Drama want us to do mini films and put them on their website and they are giving out certificates. youth group want us to film us doing various activities. Beavers want us to complete badges, a few weeks ago we did a at home campfire on zoom.
Today beavers want us to do an at home camp. Except our tent is too big for our garden so they want us to make one out of sheets in our front room. They want us to zoom with the pack leader and others for a few hours singing songs and doing activities etc. Then we are supposed to all sleep in make shift tent.
It want to shout “enough”. In between us both working full time, home schooling plus normal parenting trying to fit in everything else. I am knackered after a week of night shifts, DH is knackered after working from home and looking after DS most of the time. I just don’t have the bloody energy.

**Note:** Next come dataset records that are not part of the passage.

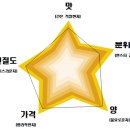 이디야커피둔촌점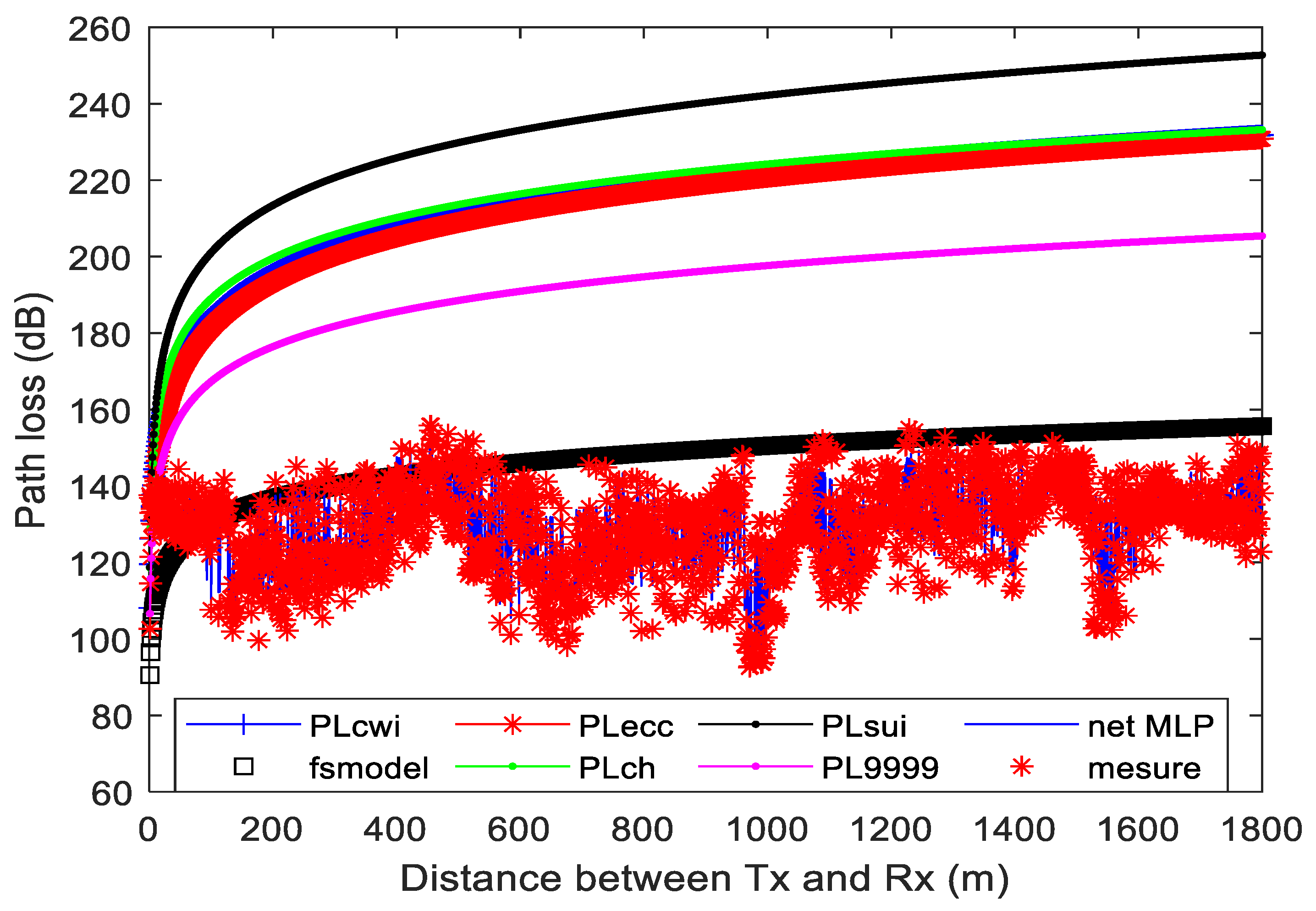 Applsci 12 12757 g014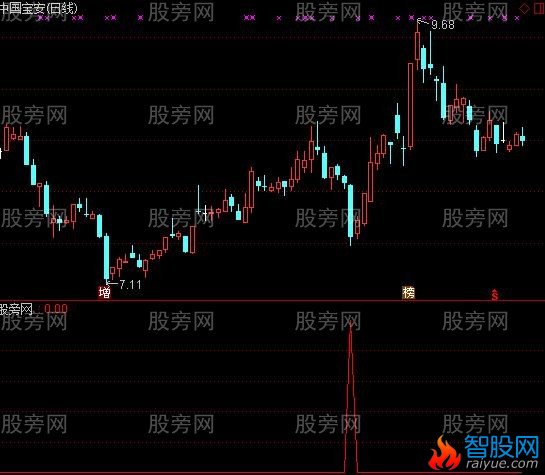 通达信阴量换手选股指标公式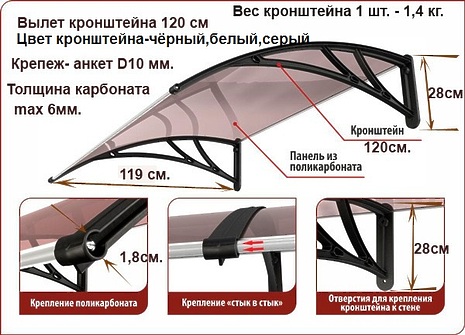 Козырек 120*125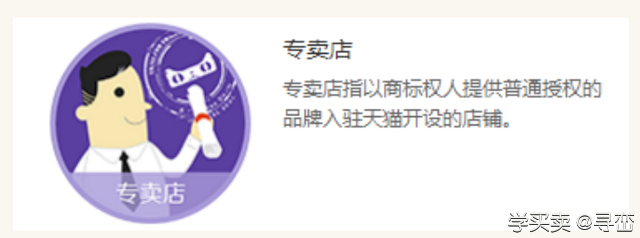 阿里巴巴电商体系课件节选：电商运营5分钟了解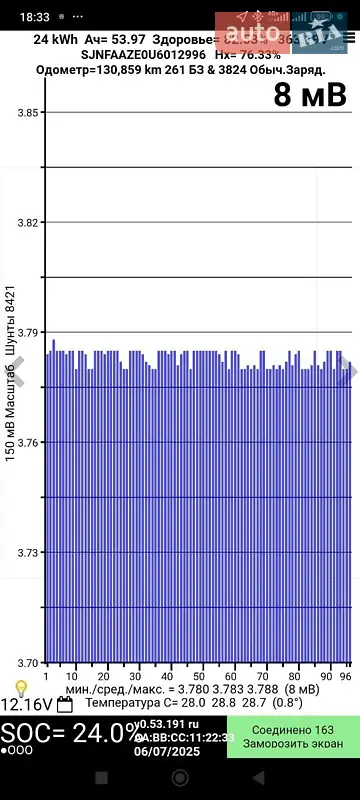 Хэтчбек Nissan Leaf 2014 в Одессе документ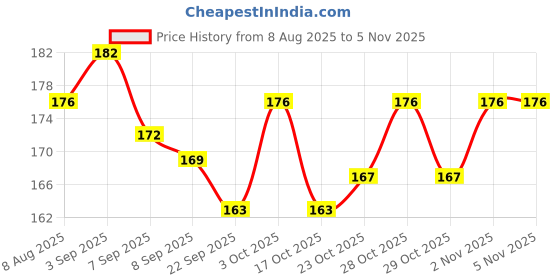 flipkart.com lazylines Thank You Card Floral Design with Gold Touch Business Card lazylines Price History Graph from 8 Aug 2025 to 4 Nov 2025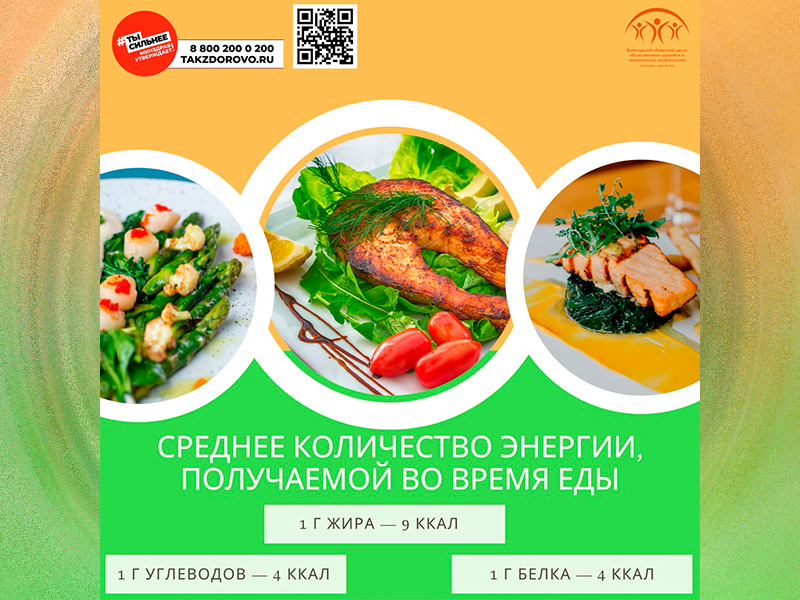 Зачем знать о калорийности продуктов?.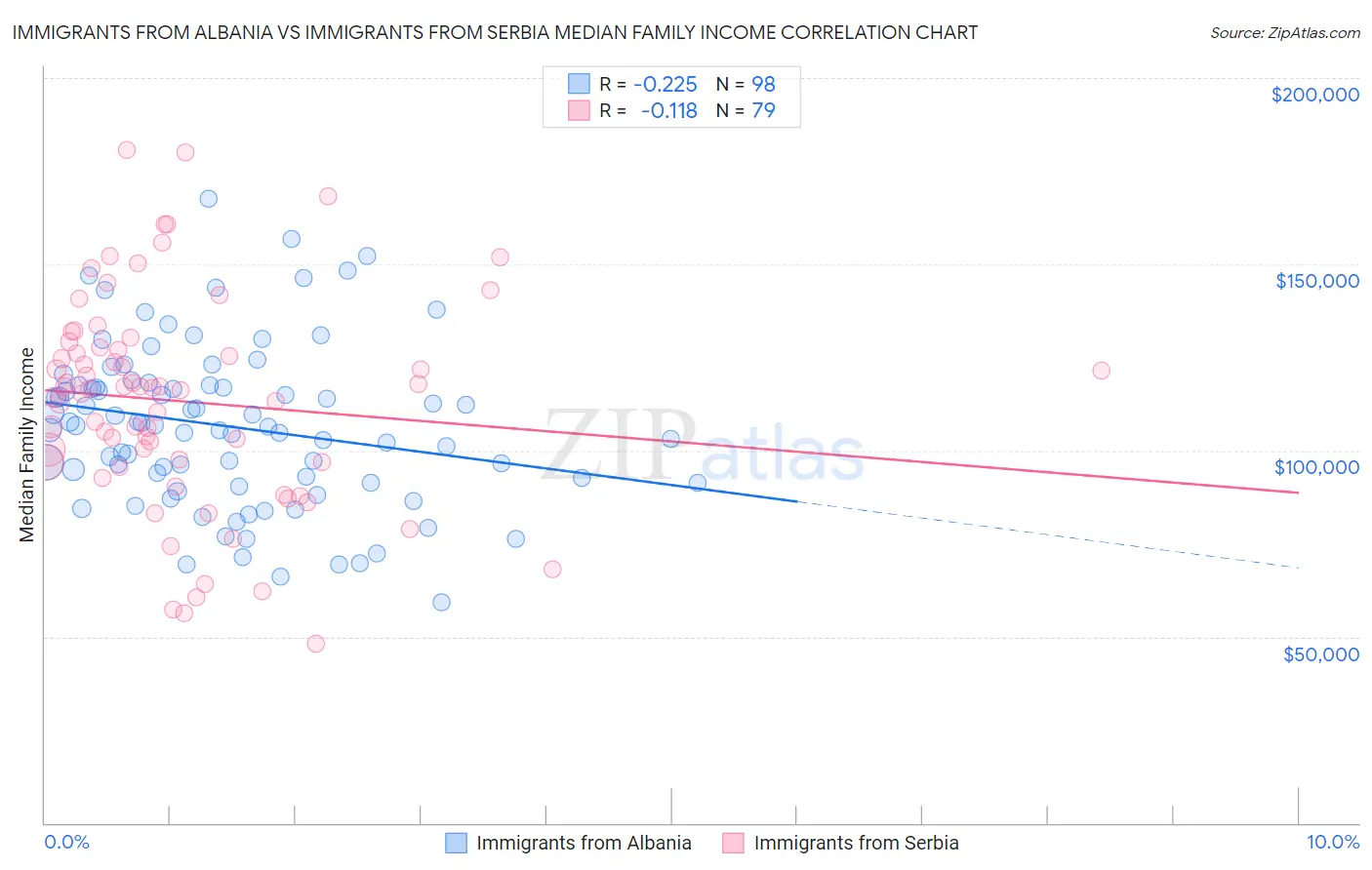 Immigrants from Albania vs Immigrants from Serbia Median Family Income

DS won’t sleep well downstairs
The final straw is Tic-tac putting a post on social media saying we need all the beavers taking part and not to be lazy
Presumably this is an activity you pay for, for your child to have fun? There’s no requirement to take part?!
They said what????? That's absolutely ridiculous.

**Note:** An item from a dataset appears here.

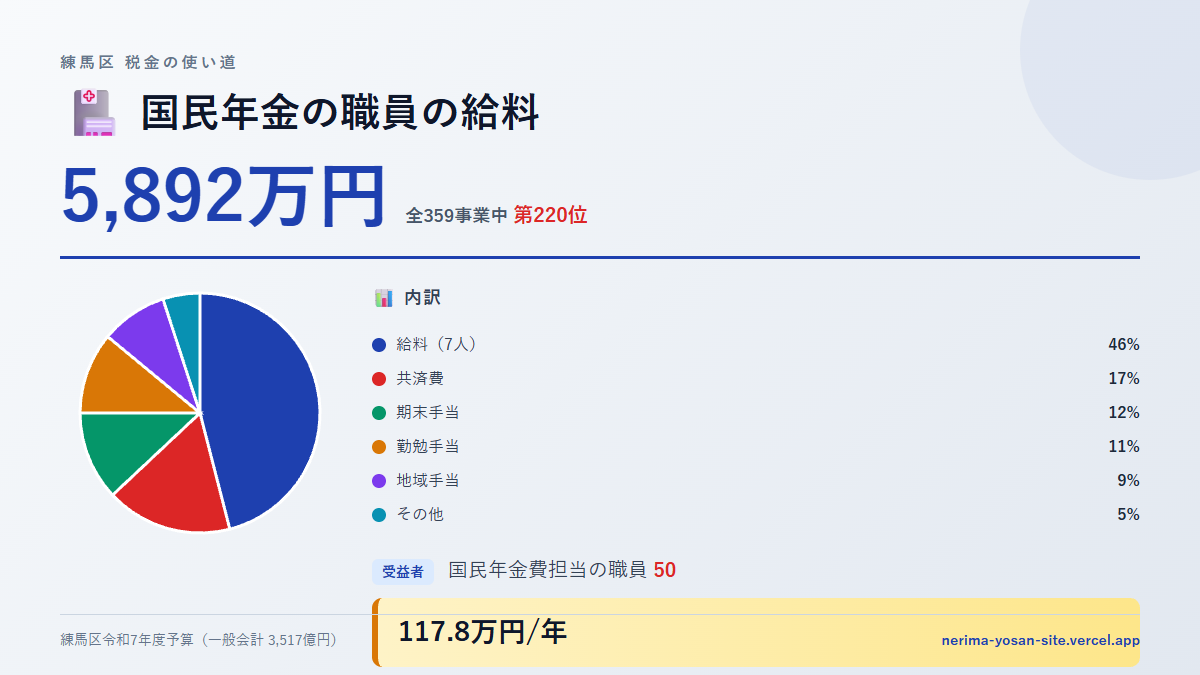 【練馬区の税金 第220位】国民年金の職員の給料に5,892万円。中身をやさしく解説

I'd be sending an email to the pack leader about that (brownie leader here). There are lots of parents still working and they should realise that it's completely different to packing a bag and waving them off for the weekend.

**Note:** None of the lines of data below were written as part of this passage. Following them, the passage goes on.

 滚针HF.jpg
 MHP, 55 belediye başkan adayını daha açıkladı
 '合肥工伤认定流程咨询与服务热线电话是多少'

Oh and I'd be scaling back the drama etc a bit too!
My son is a cub and camping this weekend and tbh I wish we hadn't bothered and I'm furloughed! They did one a few weeks ago that was quite relaxed but this weekend is full on.
To top it off I'm ill today so the most we have done is put the tent up. If we get through it all we do but if not oh well.
I’d give that a hard pass. You need to enjoy your life in the present not spend your time filming or zooming your life to show how much “fun” you’re supposedly having.
The lucky people who don’t work full time or that are furloughed are having a lovely time.
The rest of us full time working parents are blooming shattered, and super annoyed at the lovely ideas that others have to occupy themselves. Don’t tell your son what’s going on and just delete the emails. Your son is 6, the boys won’t be talking about it when they return to Beavers in September.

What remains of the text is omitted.